Bash may not be the best way to handle all kinds of data, but there often comes a time when you are provided with a pure Bash environment, such as what we get in the common Linux based supercomputers and you just want an early result or view of the data before driving into the real programming, using Python, R and SQL, SPSS, and so on. Expertise in data-intensive languages comes at the price of spending a lot of time on them. In contrast, bash scripting is simple, easy to learn and perfect for mining textual data. Therefore, learning Bash shell should be the first step if you want to say, Hello to “Big Data”!
This book will demonstrate four practical flat file data mining projects involving four data projects (each with a different objective function).

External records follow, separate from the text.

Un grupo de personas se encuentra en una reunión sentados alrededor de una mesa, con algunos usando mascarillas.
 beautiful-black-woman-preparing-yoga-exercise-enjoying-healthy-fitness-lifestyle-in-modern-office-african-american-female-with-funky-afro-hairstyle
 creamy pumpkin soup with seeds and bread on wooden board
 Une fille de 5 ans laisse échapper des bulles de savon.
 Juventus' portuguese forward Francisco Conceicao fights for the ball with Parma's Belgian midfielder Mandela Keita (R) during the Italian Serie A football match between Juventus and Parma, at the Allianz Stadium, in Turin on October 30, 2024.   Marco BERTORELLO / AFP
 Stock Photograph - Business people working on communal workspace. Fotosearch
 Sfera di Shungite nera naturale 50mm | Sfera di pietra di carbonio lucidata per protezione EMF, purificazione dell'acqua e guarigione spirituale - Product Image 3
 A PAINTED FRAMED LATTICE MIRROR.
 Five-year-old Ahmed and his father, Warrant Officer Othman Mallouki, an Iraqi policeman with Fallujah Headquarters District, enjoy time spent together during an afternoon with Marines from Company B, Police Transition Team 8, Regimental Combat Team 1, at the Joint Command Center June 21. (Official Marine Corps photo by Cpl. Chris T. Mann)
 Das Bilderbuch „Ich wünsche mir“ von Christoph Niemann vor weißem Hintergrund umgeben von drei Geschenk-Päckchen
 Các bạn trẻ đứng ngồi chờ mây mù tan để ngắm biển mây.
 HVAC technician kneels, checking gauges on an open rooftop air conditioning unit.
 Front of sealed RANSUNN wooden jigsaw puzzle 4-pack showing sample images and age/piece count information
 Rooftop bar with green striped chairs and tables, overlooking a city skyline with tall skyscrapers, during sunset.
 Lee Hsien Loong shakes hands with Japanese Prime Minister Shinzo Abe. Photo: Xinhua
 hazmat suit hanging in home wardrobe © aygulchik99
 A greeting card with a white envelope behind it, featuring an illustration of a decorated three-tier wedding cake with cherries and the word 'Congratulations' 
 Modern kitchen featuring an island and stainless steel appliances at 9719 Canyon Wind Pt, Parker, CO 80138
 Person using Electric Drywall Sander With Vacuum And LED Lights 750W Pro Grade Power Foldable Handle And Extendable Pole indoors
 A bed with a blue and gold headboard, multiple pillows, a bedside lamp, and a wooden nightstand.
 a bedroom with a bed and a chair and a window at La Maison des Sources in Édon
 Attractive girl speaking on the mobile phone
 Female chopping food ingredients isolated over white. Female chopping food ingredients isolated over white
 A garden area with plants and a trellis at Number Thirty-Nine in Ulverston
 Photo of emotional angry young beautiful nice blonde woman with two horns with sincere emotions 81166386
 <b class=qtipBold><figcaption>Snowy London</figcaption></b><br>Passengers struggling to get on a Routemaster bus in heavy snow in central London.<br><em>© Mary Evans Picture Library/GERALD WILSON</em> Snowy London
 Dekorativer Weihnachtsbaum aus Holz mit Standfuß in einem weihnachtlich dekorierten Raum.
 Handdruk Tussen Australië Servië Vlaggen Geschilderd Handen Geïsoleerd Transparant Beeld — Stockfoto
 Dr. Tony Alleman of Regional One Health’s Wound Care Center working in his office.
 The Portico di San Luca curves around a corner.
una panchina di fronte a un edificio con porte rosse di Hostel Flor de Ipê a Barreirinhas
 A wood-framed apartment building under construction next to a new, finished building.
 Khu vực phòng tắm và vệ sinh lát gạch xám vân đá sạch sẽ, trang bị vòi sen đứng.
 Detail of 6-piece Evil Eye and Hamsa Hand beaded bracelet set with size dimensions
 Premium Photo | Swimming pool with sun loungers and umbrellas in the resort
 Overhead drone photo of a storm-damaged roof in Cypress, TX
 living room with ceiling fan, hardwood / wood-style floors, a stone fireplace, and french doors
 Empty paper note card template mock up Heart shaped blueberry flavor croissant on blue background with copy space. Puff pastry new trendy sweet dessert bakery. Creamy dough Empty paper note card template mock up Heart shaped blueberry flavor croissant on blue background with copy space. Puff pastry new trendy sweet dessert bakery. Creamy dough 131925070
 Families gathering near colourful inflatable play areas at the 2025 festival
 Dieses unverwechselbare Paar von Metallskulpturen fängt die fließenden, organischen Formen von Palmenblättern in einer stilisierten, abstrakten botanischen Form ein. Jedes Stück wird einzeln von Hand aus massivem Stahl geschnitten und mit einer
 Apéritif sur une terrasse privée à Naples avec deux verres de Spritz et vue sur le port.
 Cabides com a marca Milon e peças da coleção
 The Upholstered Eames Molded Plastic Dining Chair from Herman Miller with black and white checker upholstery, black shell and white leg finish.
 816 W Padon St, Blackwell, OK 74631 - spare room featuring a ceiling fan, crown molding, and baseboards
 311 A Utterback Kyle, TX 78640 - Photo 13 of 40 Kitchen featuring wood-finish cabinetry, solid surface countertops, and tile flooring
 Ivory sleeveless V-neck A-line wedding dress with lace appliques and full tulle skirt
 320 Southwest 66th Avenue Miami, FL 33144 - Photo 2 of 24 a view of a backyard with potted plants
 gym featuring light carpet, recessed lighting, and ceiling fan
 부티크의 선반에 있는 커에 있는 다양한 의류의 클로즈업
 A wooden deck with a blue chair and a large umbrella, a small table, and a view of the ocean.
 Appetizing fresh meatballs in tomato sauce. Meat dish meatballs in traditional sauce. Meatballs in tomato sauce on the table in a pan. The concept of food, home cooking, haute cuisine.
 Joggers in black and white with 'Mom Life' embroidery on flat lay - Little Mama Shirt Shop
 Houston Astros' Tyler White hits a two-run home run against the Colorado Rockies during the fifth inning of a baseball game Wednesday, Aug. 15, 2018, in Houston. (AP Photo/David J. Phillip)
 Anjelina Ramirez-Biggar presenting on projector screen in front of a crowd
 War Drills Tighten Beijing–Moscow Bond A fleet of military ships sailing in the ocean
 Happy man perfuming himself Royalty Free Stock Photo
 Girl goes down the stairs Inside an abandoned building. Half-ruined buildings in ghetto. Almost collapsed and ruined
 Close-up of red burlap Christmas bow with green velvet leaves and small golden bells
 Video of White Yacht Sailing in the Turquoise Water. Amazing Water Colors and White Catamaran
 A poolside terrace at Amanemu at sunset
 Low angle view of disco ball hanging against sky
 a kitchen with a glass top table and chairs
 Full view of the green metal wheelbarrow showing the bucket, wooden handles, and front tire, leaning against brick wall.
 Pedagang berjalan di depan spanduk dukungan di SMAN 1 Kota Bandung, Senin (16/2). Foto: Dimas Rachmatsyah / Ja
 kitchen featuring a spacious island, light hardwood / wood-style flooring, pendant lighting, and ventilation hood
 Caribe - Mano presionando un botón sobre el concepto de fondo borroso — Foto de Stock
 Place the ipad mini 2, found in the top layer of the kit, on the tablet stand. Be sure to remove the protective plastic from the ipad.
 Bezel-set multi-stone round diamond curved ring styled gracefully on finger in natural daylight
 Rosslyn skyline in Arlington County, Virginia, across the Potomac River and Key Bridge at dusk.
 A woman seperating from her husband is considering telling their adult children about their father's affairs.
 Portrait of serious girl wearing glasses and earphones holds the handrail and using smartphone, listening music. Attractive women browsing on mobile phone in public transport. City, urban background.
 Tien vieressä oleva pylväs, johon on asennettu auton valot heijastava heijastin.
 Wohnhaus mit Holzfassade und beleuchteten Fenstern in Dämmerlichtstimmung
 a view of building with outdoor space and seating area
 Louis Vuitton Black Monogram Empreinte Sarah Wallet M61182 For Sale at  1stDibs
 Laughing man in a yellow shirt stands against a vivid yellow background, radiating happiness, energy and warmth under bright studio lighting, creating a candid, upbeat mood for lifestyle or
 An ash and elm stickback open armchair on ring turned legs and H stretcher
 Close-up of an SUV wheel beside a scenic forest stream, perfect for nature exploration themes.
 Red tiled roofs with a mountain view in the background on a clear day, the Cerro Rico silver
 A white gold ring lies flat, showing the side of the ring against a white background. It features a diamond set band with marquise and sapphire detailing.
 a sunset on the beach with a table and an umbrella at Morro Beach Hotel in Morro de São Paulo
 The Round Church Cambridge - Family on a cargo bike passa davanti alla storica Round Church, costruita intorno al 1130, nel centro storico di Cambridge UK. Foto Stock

If you haven’t used Bash before, feel free to skip the projects and get to the tutorials part . Complete the tutorials first and then come back to the projects again. The tutorial section will introduce with bash scripting, regular expressions, AWK, sed, grep and so on. The course finishes with a near-complete list of references to all the relevant command line and Big data tools.
Target audience and prerequisites: Almost everyone can benefit from learning to use Bash particularly in data mining: particularly students who want to learn Bash and the command line to improve their career prospects, researchers who want to add Bash and other command line tools to their bag of tricks, scientists who want to learn to explore and analyze the data that their lab generates.